**Assignment**
Please return the listing below word for word, minus its pictures.

Top of Available data

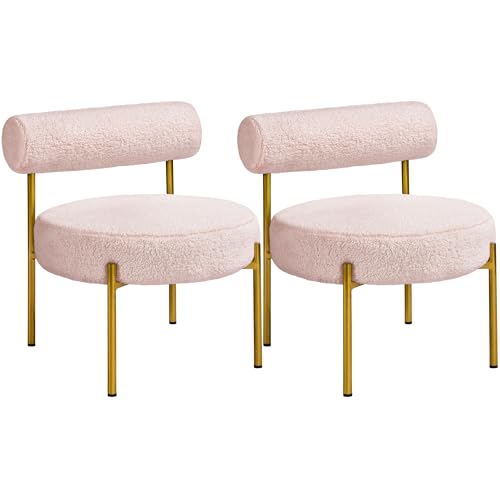 Yaheetech Loungesessel 2er Set Ruhesessel aus Boucle-Geweb Esszimmerstuhl mit Rückenlehne Stilvoller Wohnzimmersessel Relaxsessel Rosa von Yaheetech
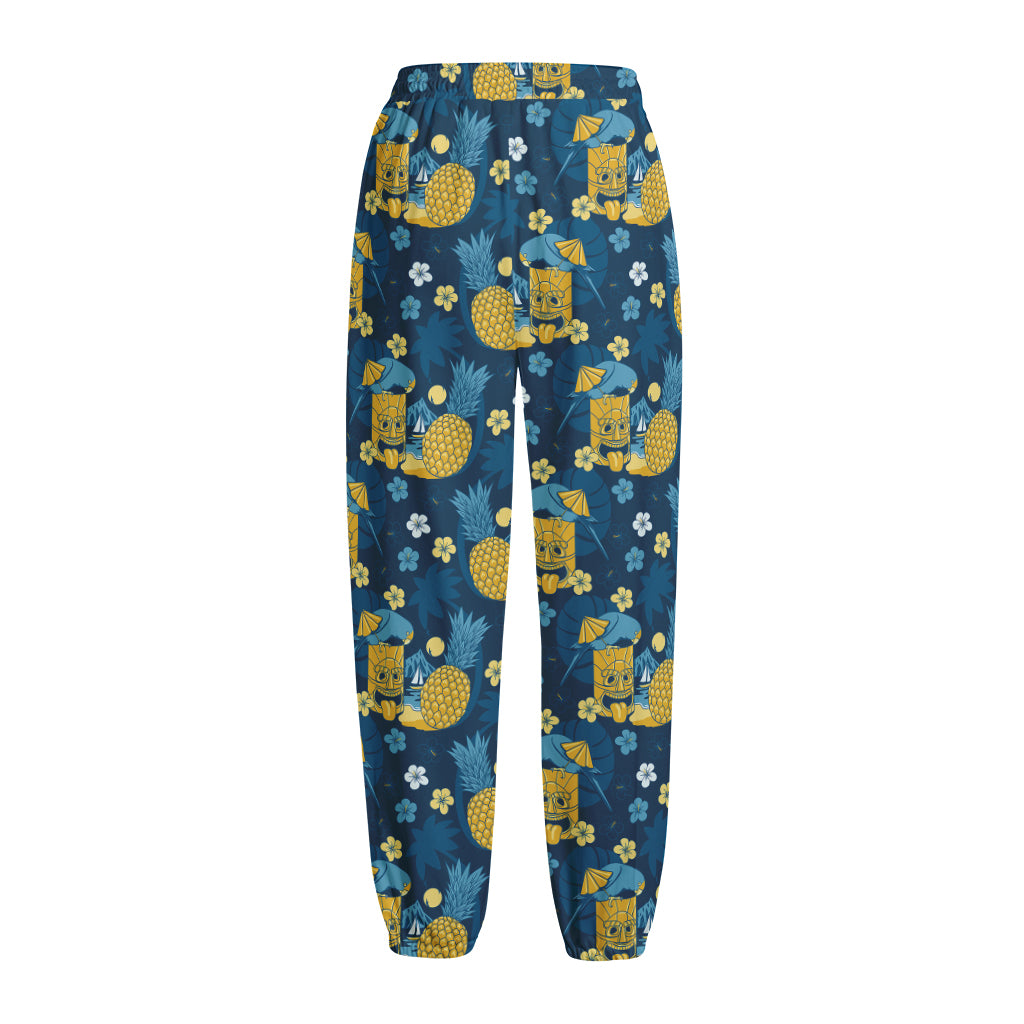 Hawaiian Tiki Pattern Print Fleece Lined Knit Pants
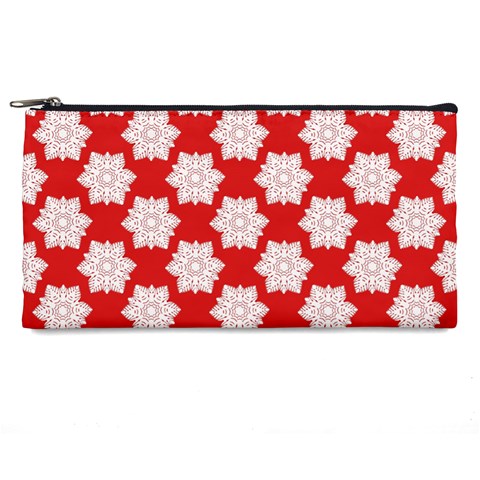 Christmas Snowflakes Background Pattern Pencil Case from ArtsNow.com Front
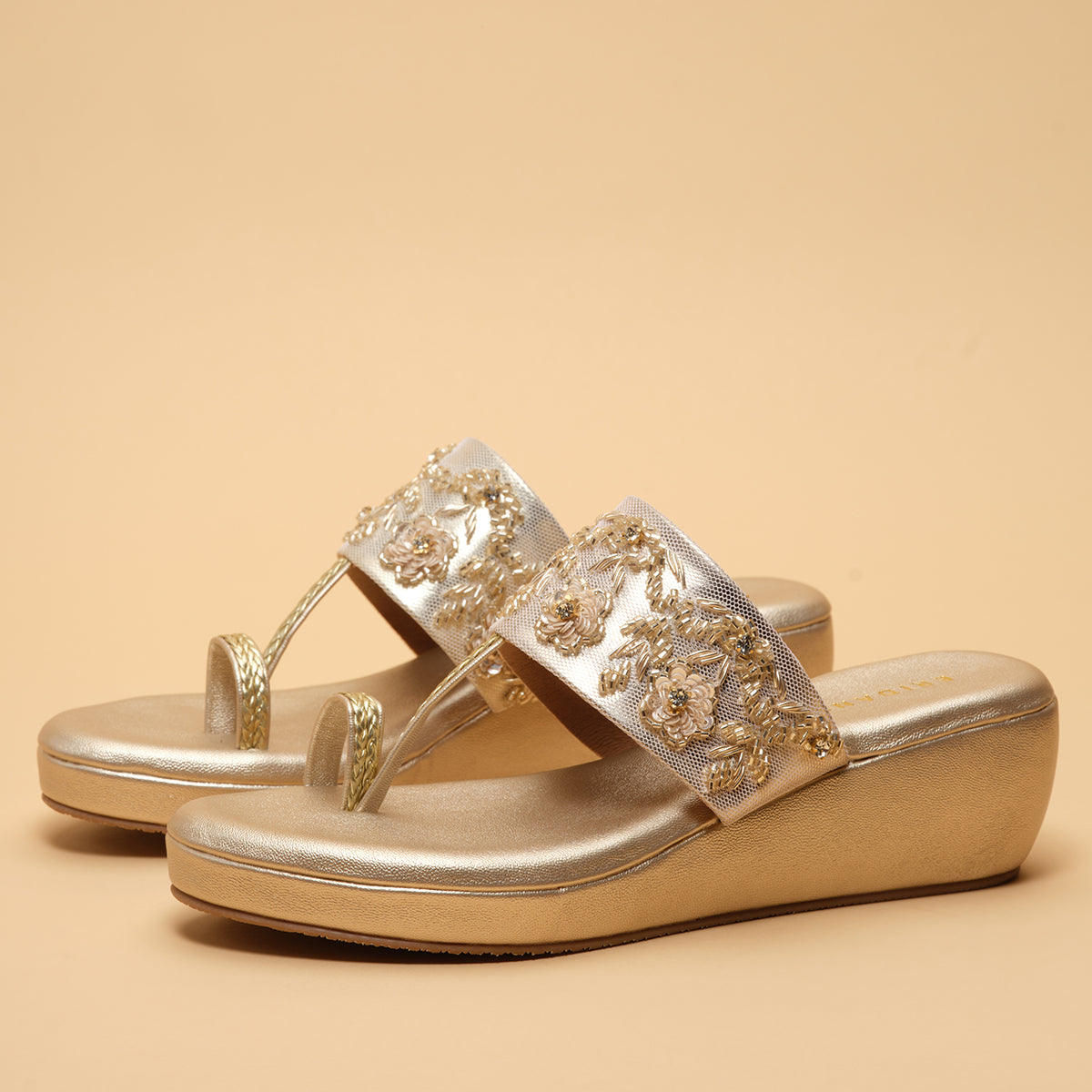 Tarini Embroidered Wedges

Bottom of Available data

**Answer space**
 Yaheetech Loungesessel 2er Set Ruhesessel aus Boucle-Geweb Esszimmerstuhl mit Rückenlehne Stilvoller Wohnzimmersessel Relaxsessel Rosa von Yaheetech
 Hawaiian Tiki Pattern Print Fleece Lined Knit Pants
 Christmas Snowflakes Background Pattern Pencil Case from ArtsNow.com Front
 Tarini Embroidered Wedges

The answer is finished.